* [MATERIAL FOR THE TASK]:
====
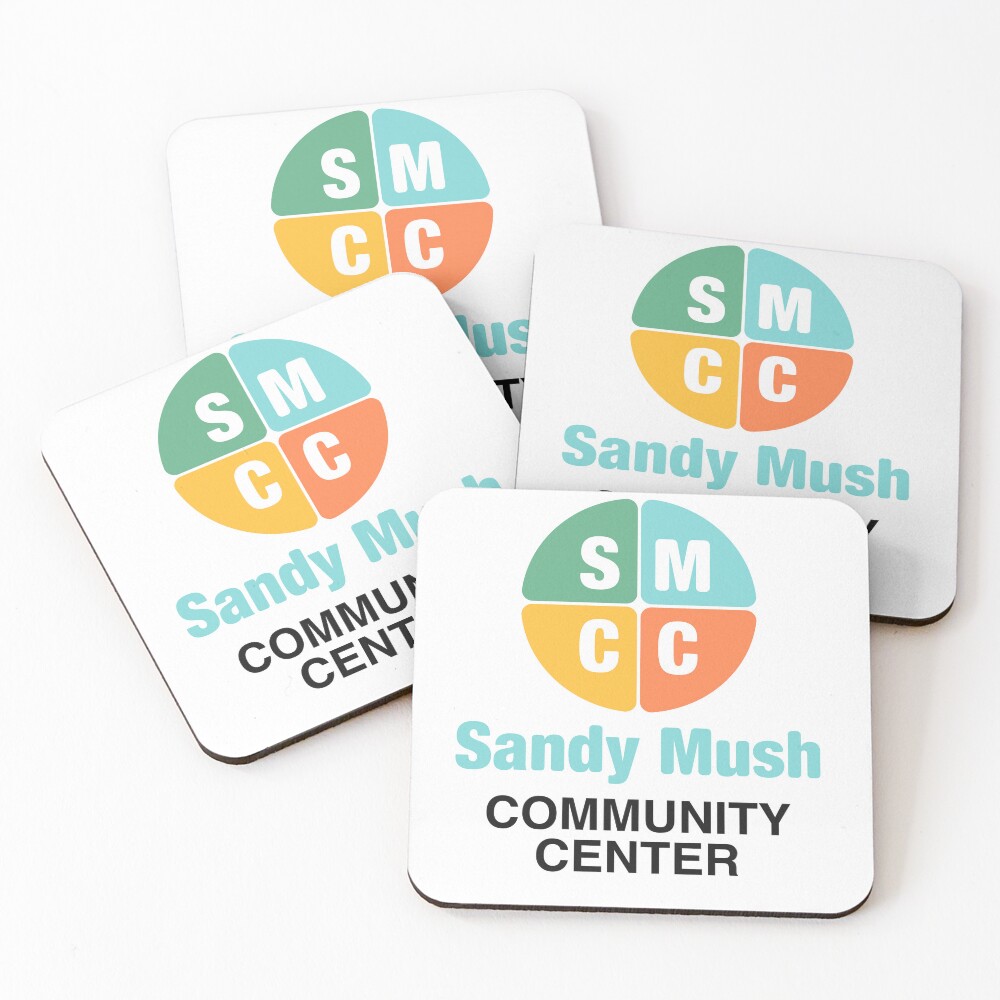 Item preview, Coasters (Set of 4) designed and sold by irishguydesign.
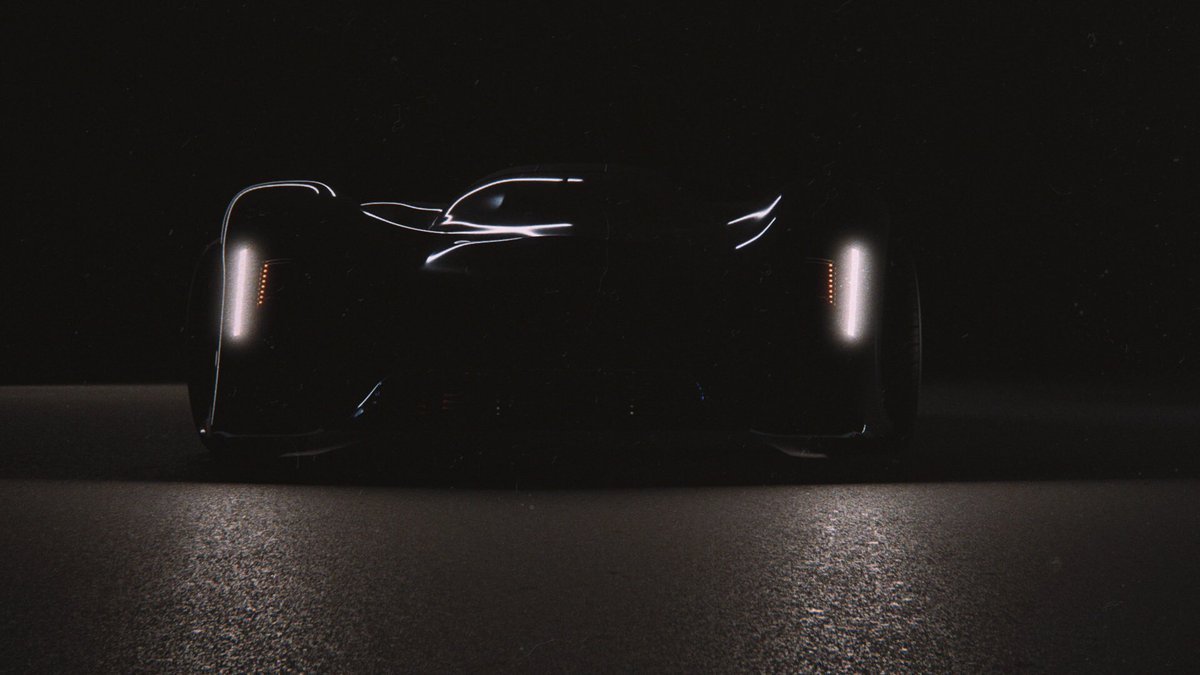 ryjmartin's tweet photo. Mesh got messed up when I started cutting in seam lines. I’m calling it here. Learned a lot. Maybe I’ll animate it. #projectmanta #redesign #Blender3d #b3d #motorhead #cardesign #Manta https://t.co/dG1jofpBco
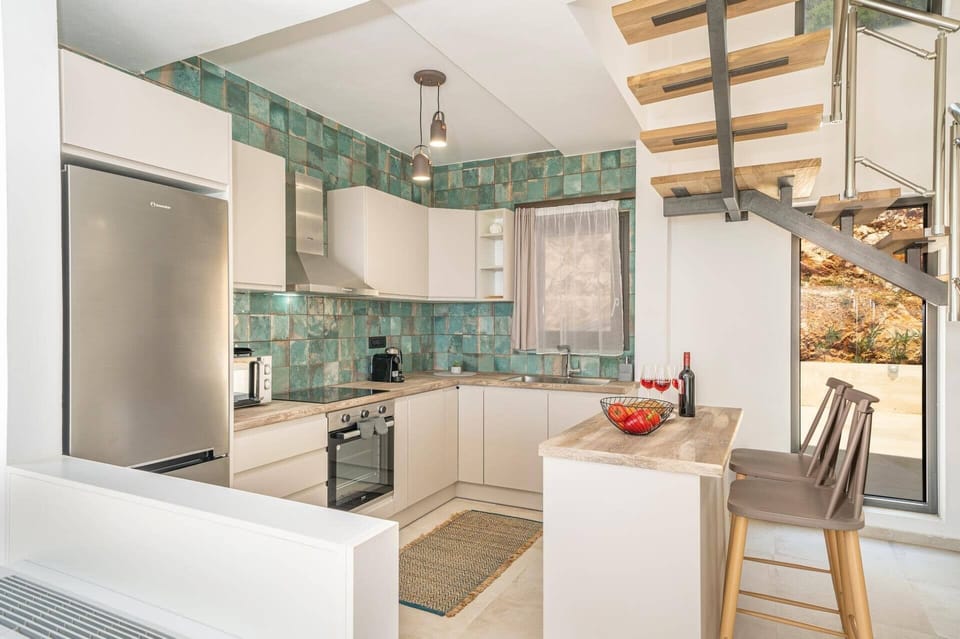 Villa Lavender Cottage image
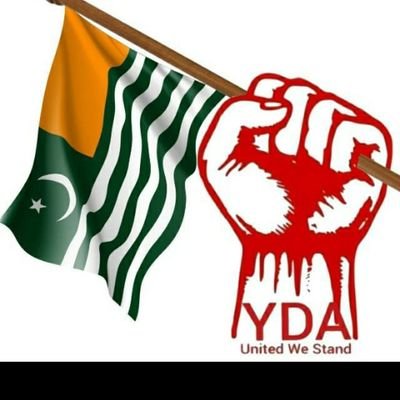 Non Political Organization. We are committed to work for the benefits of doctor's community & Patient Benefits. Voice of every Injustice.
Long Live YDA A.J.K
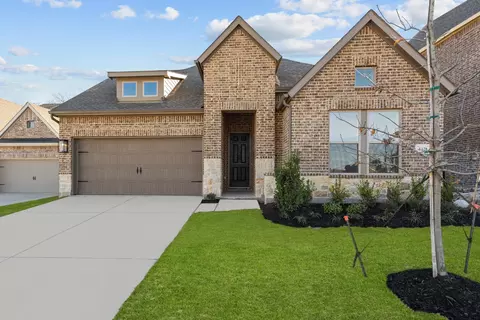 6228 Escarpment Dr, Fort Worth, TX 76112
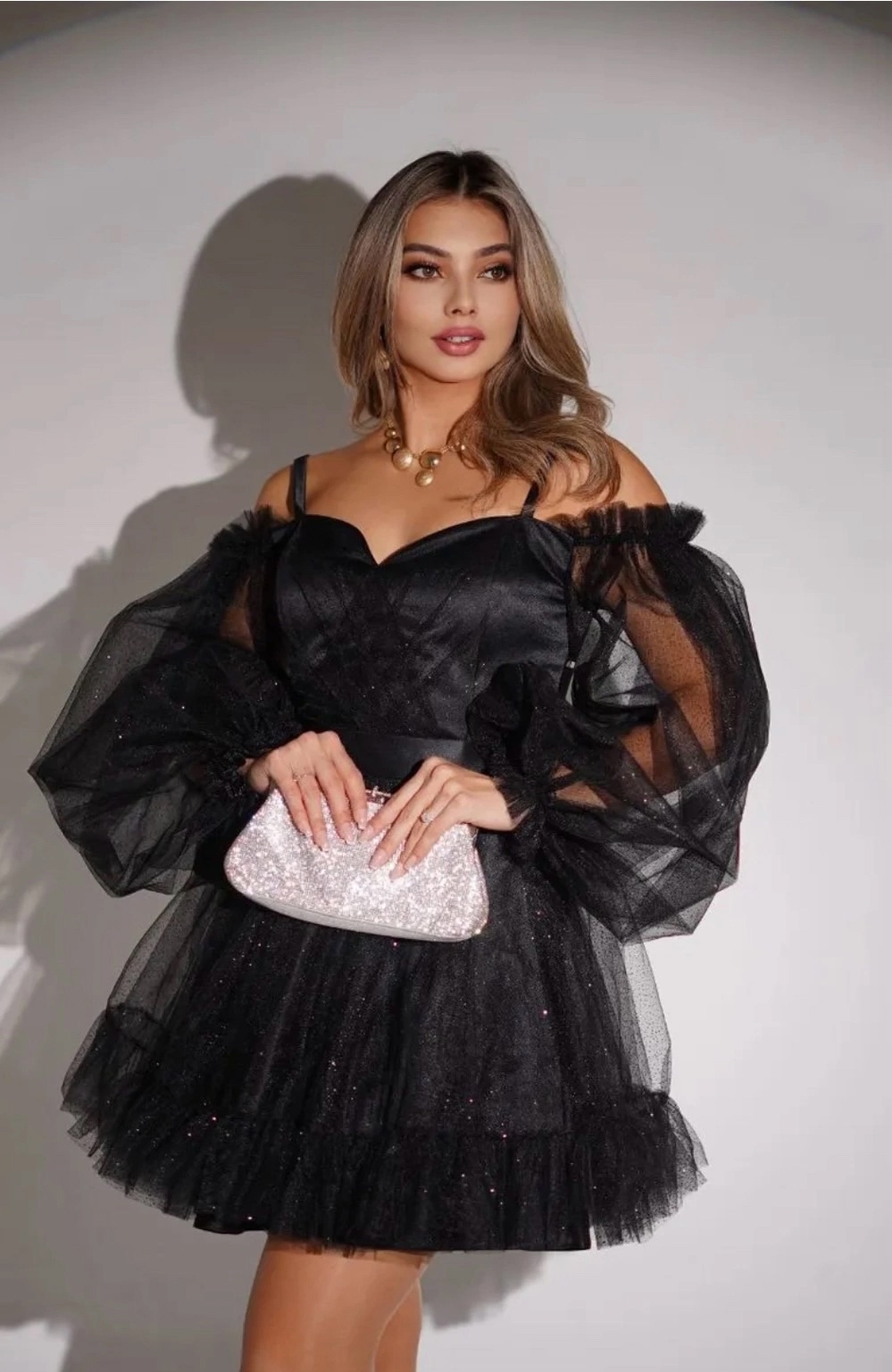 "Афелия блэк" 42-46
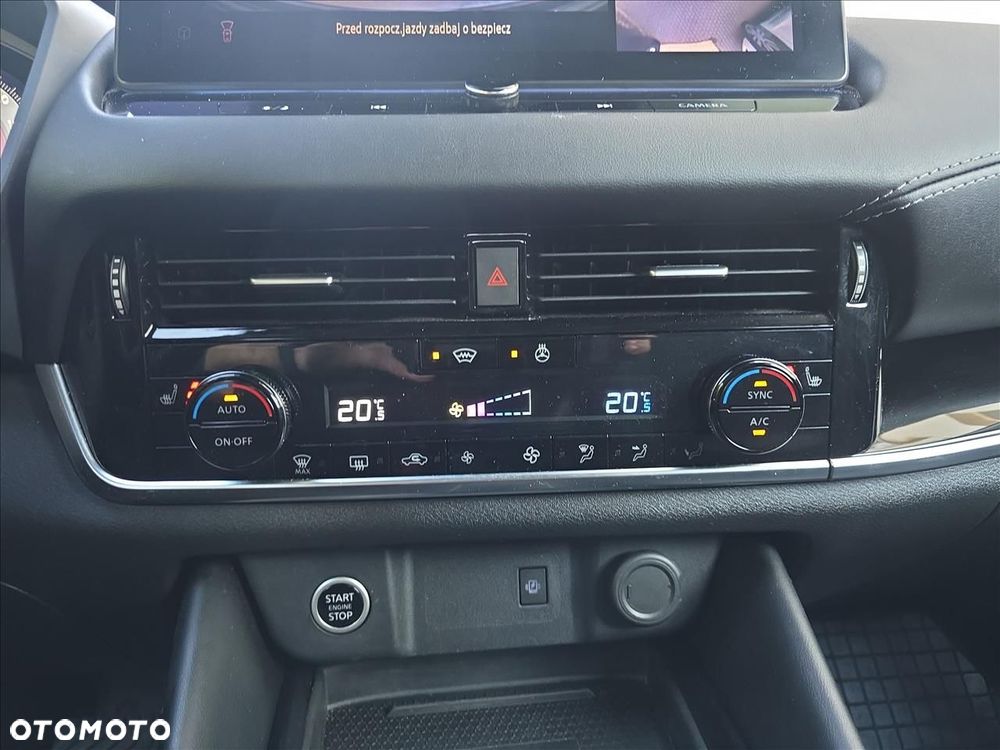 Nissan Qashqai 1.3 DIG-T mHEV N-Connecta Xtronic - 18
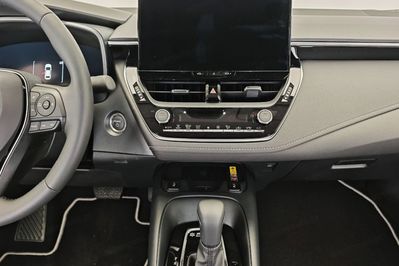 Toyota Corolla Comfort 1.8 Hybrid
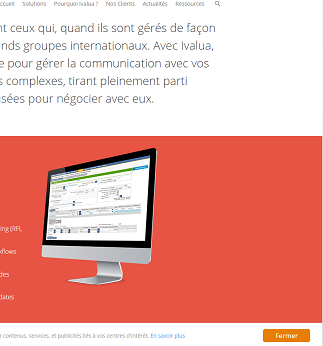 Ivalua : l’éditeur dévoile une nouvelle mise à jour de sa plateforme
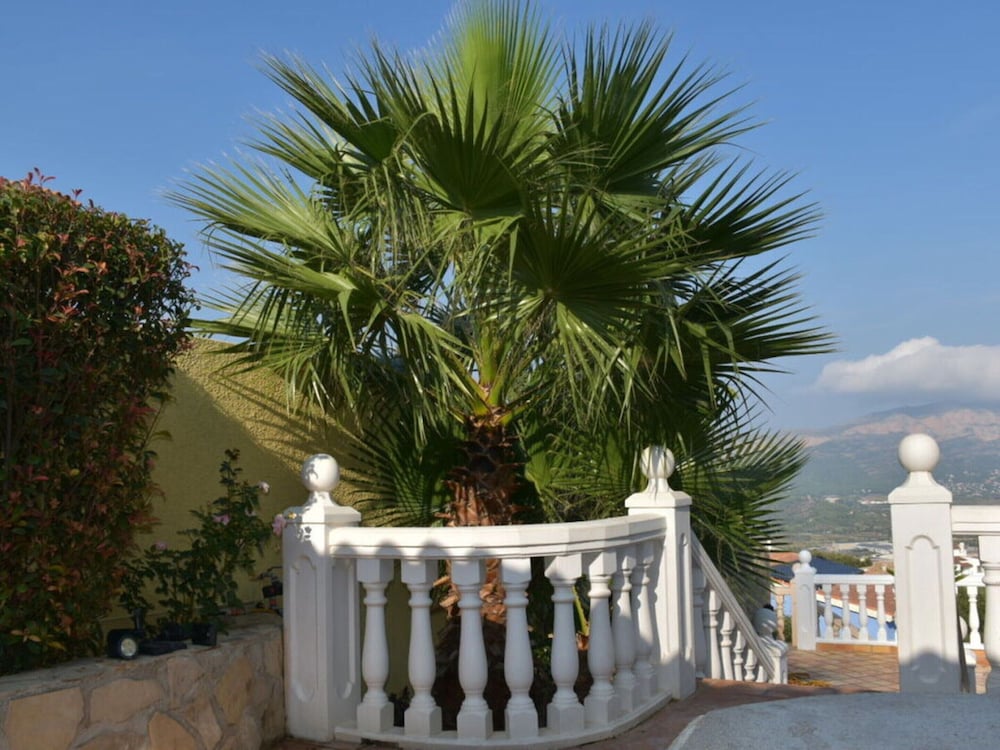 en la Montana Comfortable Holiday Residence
====
Both the line containing "ryjmartin's tweet photo." and the line containing "Villa Lavender Cottage image" above belong in the output, as do the lines between them. Print them exactly, without pictures.

* [EXERCISE ANSWER]:
 ryjmartin's tweet photo. Mesh got messed up when I started cutting in seam lines. I’m calling it here. Learned a lot. Maybe I’ll animate it. #projectmanta #redesign #Blender3d #b3d #motorhead #cardesign #Manta https://t.co/dG1jofpBco
 Villa Lavender Cottage image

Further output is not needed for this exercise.